• Work to be completed: Your answer must be an exact transcription of every record below, with the pictures omitted.

====== Study material ======

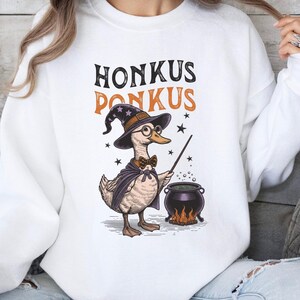 以下が含まれることがあります： 帽子をかぶって杖を持ったアヒルのグラフィックがプリントされた白いスウェットシャツ。アヒルの上に「Honkus Ponkus」という文字がプリントされています。
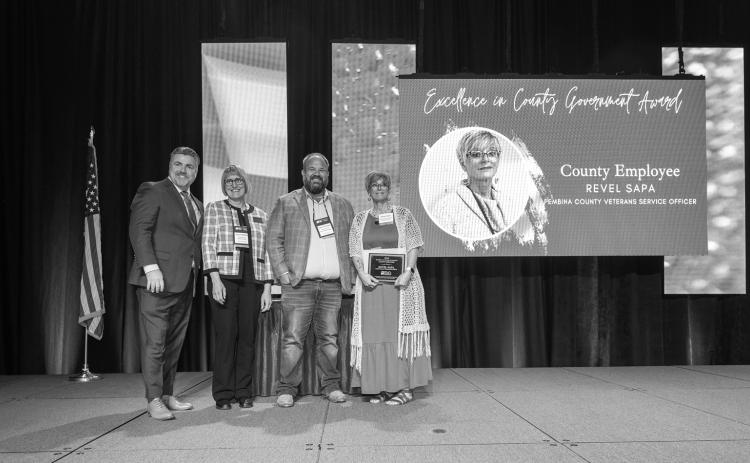 NACo Executive Director Aaron Birst, NDACo President Jayme Tenneson, NDCCA President Joan Hollekim, EICG Award Recipient Revel Sapa, Pembina County Veterans Services Officer. Submitted photo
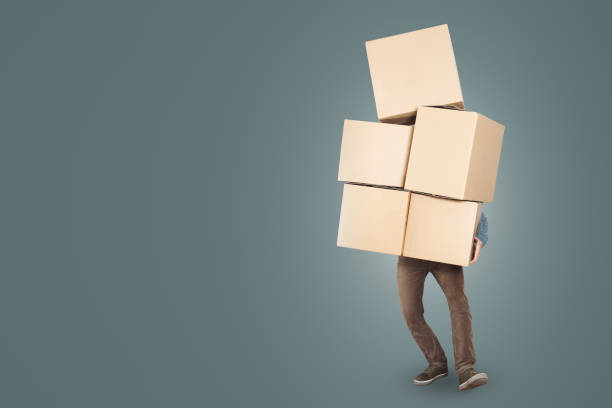 istock A man is carrying a big stack of cardboard boxes in his arms 1143434289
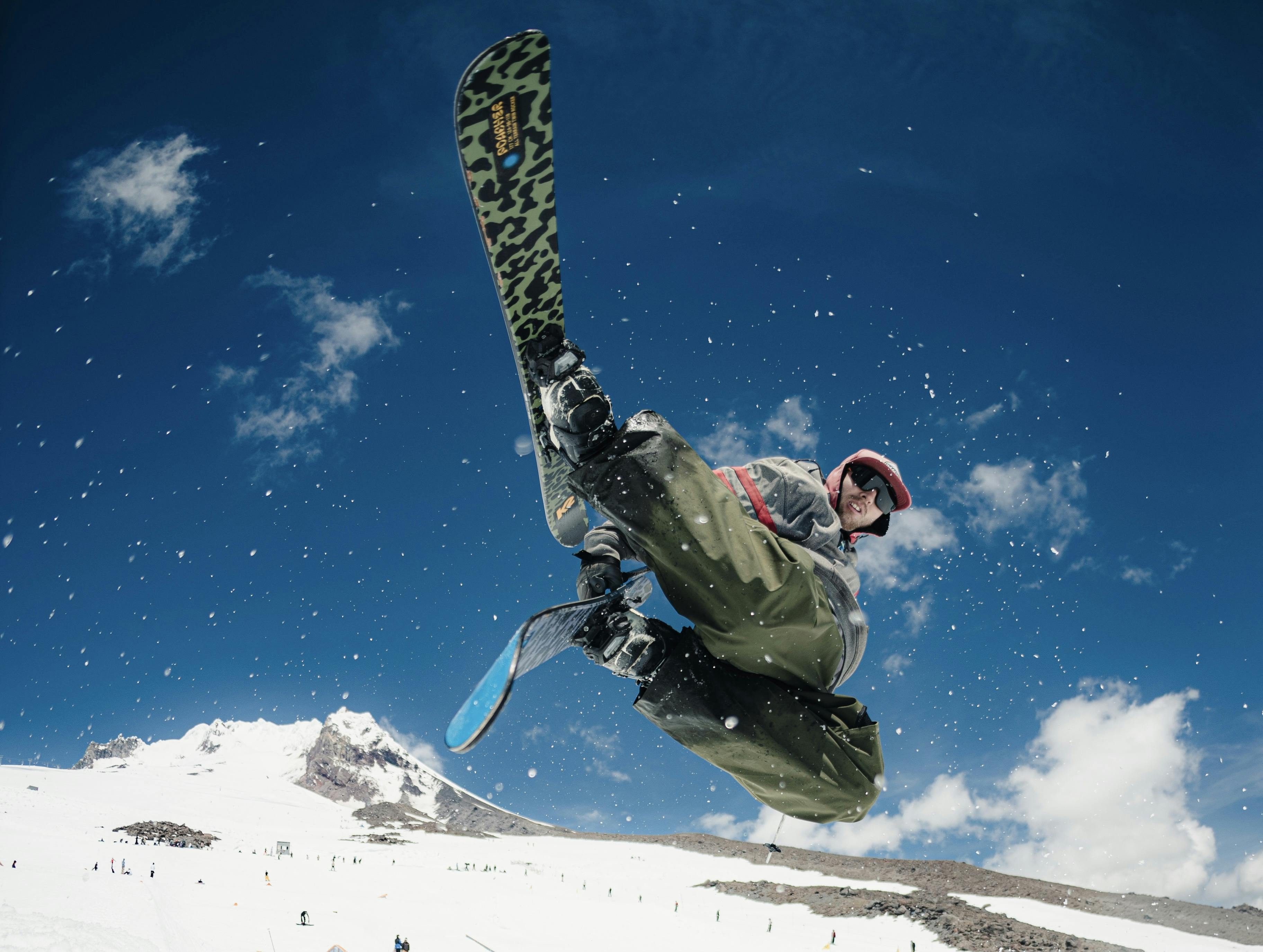 A skier grabs his skis as he does a jump in the air. 
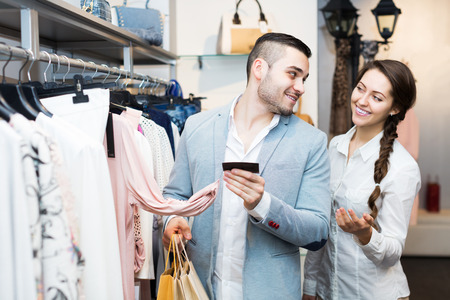 Young spouses smiling while shopping at boutiqueの写真素材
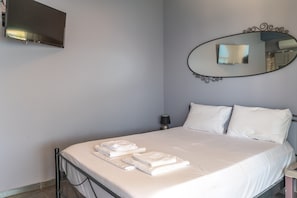 Un lit bien fait, avec du linge de lit et des serviettes blanches, un téléviseur fixé au mur, un miroir décoratif et une lampe de chevet.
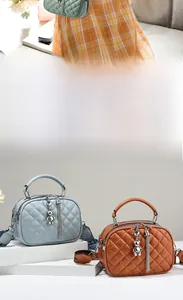 Detailed quilted texture on handbags featuring a metal bear charm and lettered straps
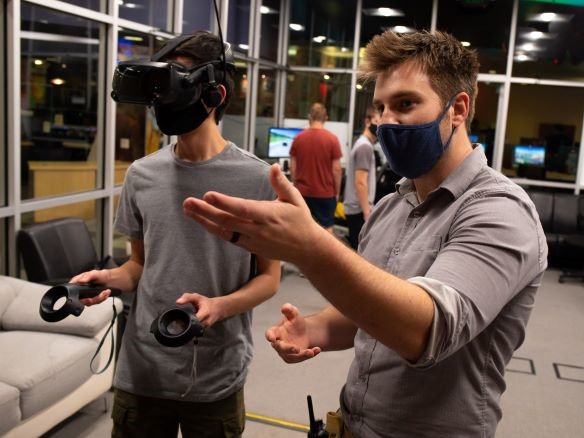 An instructor teaching a student wearing a VR visor in the At Reality lab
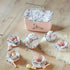 Plush tea set for toddlers with floral pattern, basket, teapot, cups and accessories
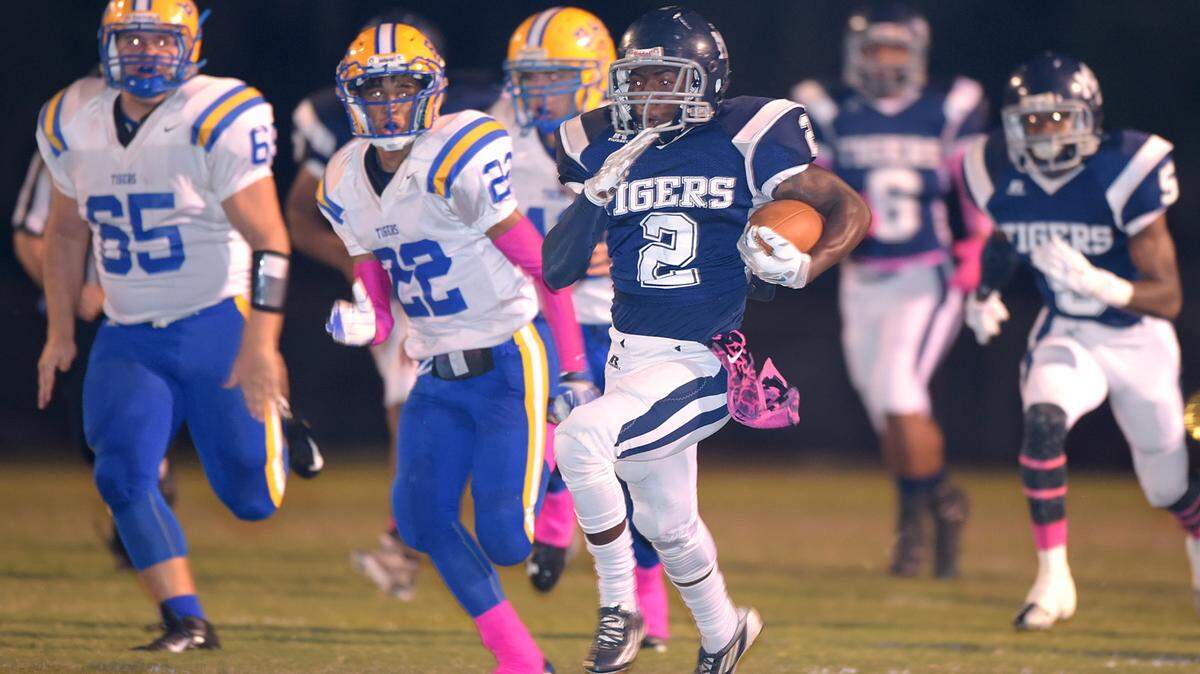 GLENN ANDREWS/SPECIAL TO THE SUN HERALD 
 Moss Point running back Travis Marion (2) outruns Bay noseguard Jared Truxillo (65) and cornerback Delfred Lewis (22) for a touchdown against Bay during the first quarter, Friday, Oct. 30, 2015, in Moss Point, Miss.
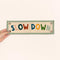model holding beige canvas banner with colorful 'SLOW DOWN' and sage green trim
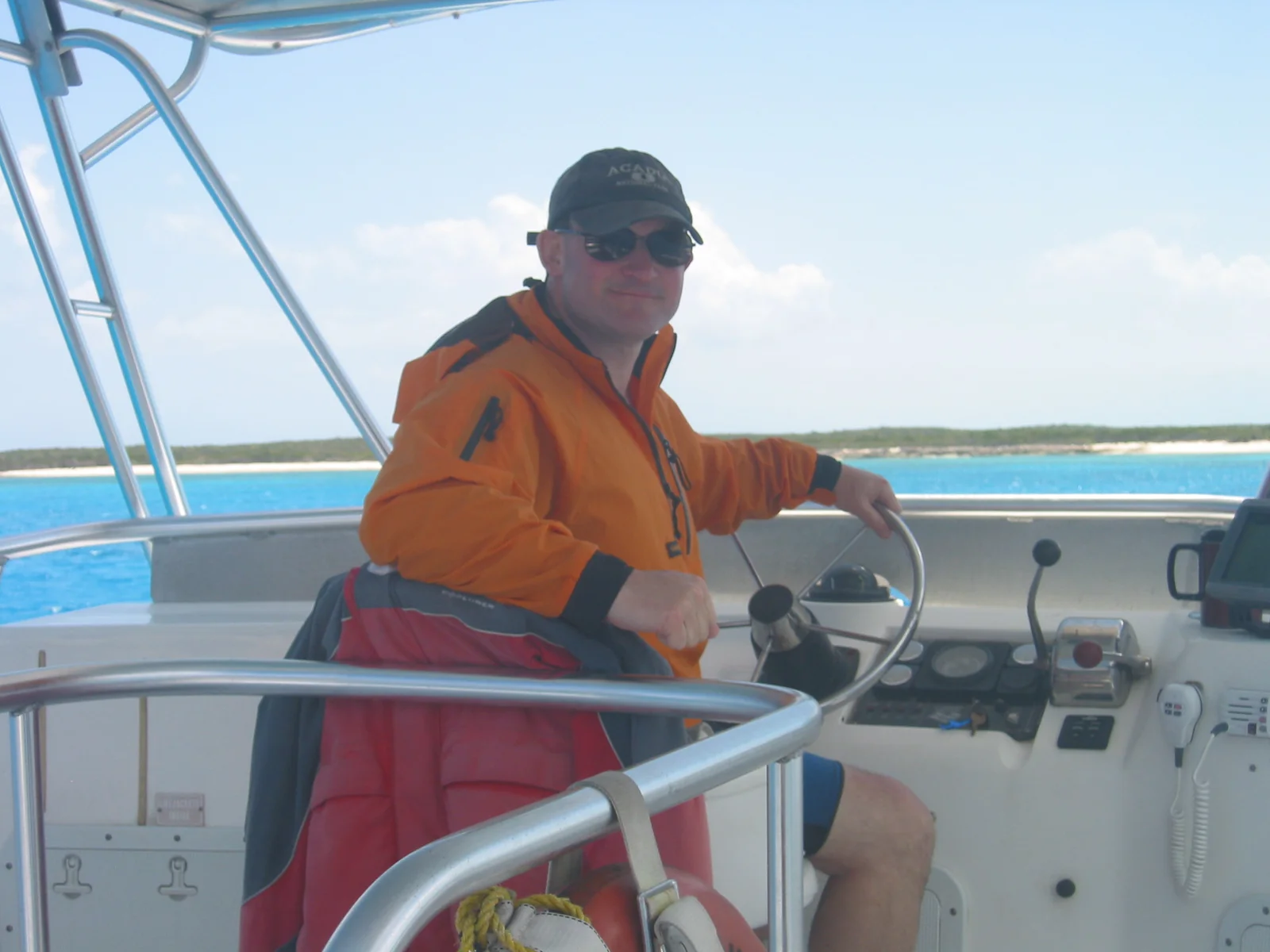 Scott in a cap and sunglasses at the wheel of a
                      small boat on bright turquoise water.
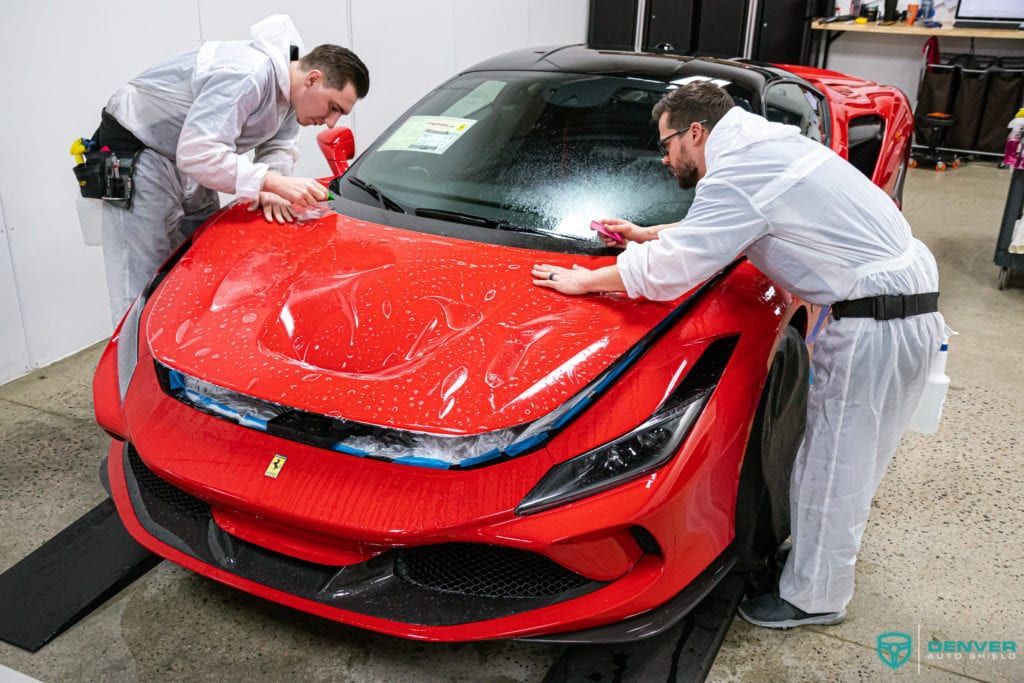 Two men are working on a red sports car in a garage.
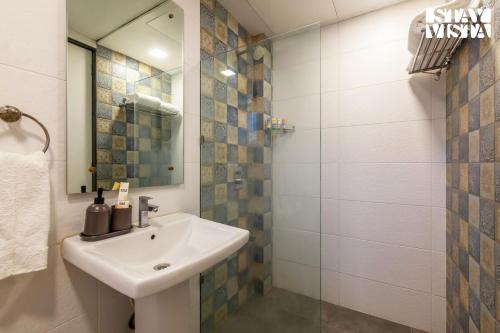 a bathroom with a sink and a glass shower at StayVista's Firefly Mountain Retreat - Villa with Private Pool, Gazebo & Terrace in Karjat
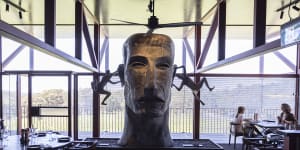The sculpture of a huge,pressed-tin head by Richard Stringer. 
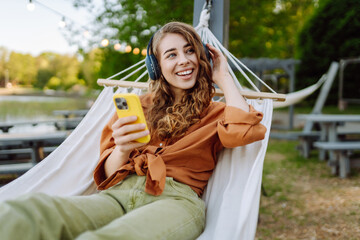 Smiling woman with headphones and phone lying in hammock enjoying weekend in sunny park. Beautiful woman in hammock listening to music or podcast outdoors. Technology concept, weekend.
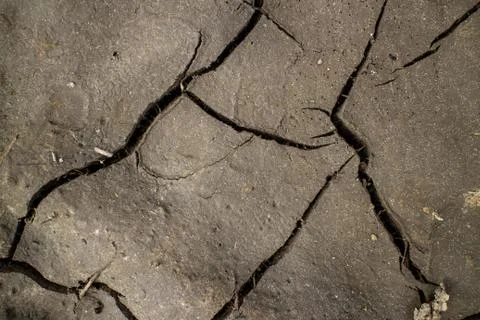 Large cracks in the ground. Abstract lines. Beautiful background. Nature. Stock Photos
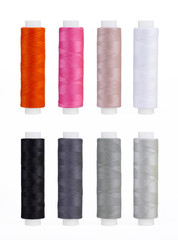 Set of sewing thread coils, miscellaneous colours, isolated on white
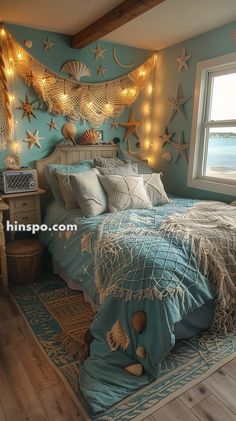 a bedroom decorated in blue and white with starfishs on the wall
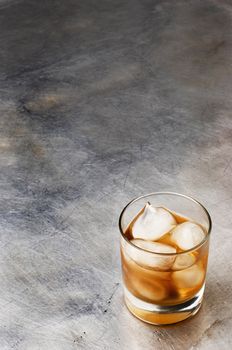one shot of whiskey on the rocks, over metallic scratched surface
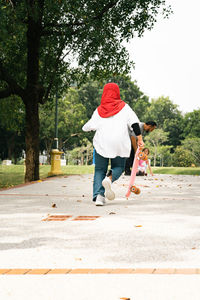 Young girl wearing hijab is running while holding pennyboard in the park. view from behind.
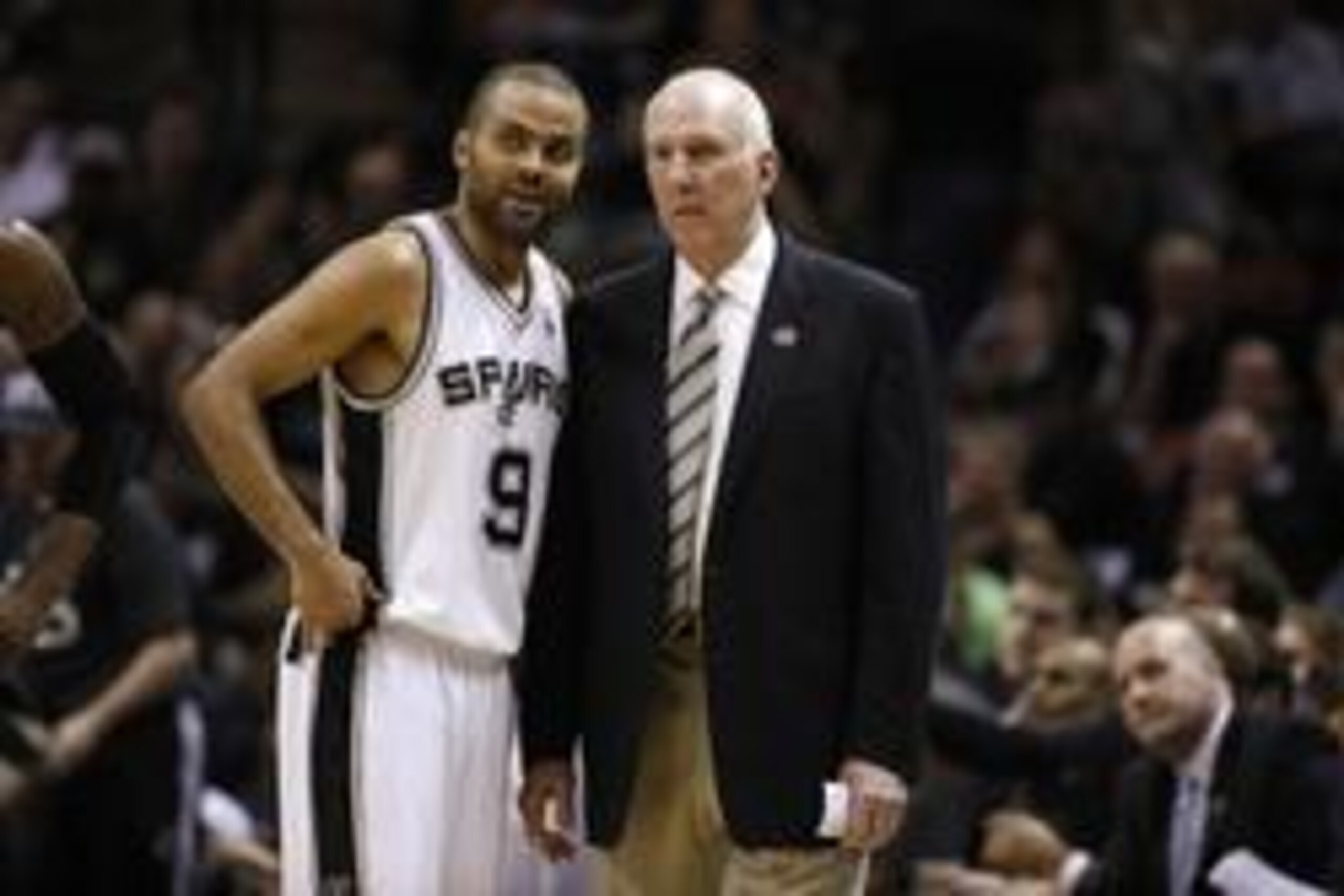 May 8, 2014; San Antonio, TX, USA; San Antonio Spurs guard Tony Parker (9) talks with head coach Gregg Popovich against the Portland Trail Blazers in game two of the second round of the 2014 NBA Playoffs at AT&T Center. Mandatory Credit: Soobum Im-USA TOD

======

• Answer space:
 以下が含まれることがあります： 帽子をかぶって杖を持ったアヒルのグラフィックがプリントされた白いスウェットシャツ。アヒルの上に「Honkus Ponkus」という文字がプリントされています。
 NACo Executive Director Aaron Birst, NDACo President Jayme Tenneson, NDCCA President Joan Hollekim, EICG Award Recipient Revel Sapa, Pembina County Veterans Services Officer. Submitted photo
 istock A man is carrying a big stack of cardboard boxes in his arms 1143434289
 A skier grabs his skis as he does a jump in the air. 
 Young spouses smiling while shopping at boutiqueの写真素材
 Un lit bien fait, avec du linge de lit et des serviettes blanches, un téléviseur fixé au mur, un miroir décoratif et une lampe de chevet.
 Detailed quilted texture on handbags featuring a metal bear charm and lettered straps
 An instructor teaching a student wearing a VR visor in the At Reality lab
 Plush tea set for toddlers with floral pattern, basket, teapot, cups and accessories
 GLENN ANDREWS/SPECIAL TO THE SUN HERALD 
 Moss Point running back Travis Marion (2) outruns Bay noseguard Jared Truxillo (65) and cornerback Delfred Lewis (22) for a touchdown against Bay during the first quarter, Friday, Oct. 30, 2015, in Moss Point, Miss.
model holding beige canvas banner with colorful 'SLOW DOWN' and sage green trim
 Scott in a cap and sunglasses at the wheel of a
                      small boat on bright turquoise water.
 Two men are working on a red sports car in a garage.
 a bathroom with a sink and a glass shower at StayVista's Firefly Mountain Retreat - Villa with Private Pool, Gazebo & Terrace in Karjat
The sculpture of a huge,pressed-tin head by Richard Stringer. 
 Smiling woman with headphones and phone lying in hammock enjoying weekend in sunny park. Beautiful woman in hammock listening to music or podcast outdoors. Technology concept, weekend.
 Large cracks in the ground. Abstract lines. Beautiful background. Nature. Stock Photos
 Set of sewing thread coils, miscellaneous colours, isolated on white
 a bedroom decorated in blue and white with starfishs on the wall
one shot of whiskey on the rocks, over metallic scratched surface
 Young girl wearing hijab is running while holding pennyboard in the park. view from behind.
 May 8, 2014; San Antonio, TX, USA; San Antonio Spurs guard Tony Parker (9) talks with head coach Gregg Popovich against the Portland Trail Blazers in game two of the second round of the 2014 NBA Playoffs at AT&T Center. Mandatory Credit: Soobum Im-USA TOD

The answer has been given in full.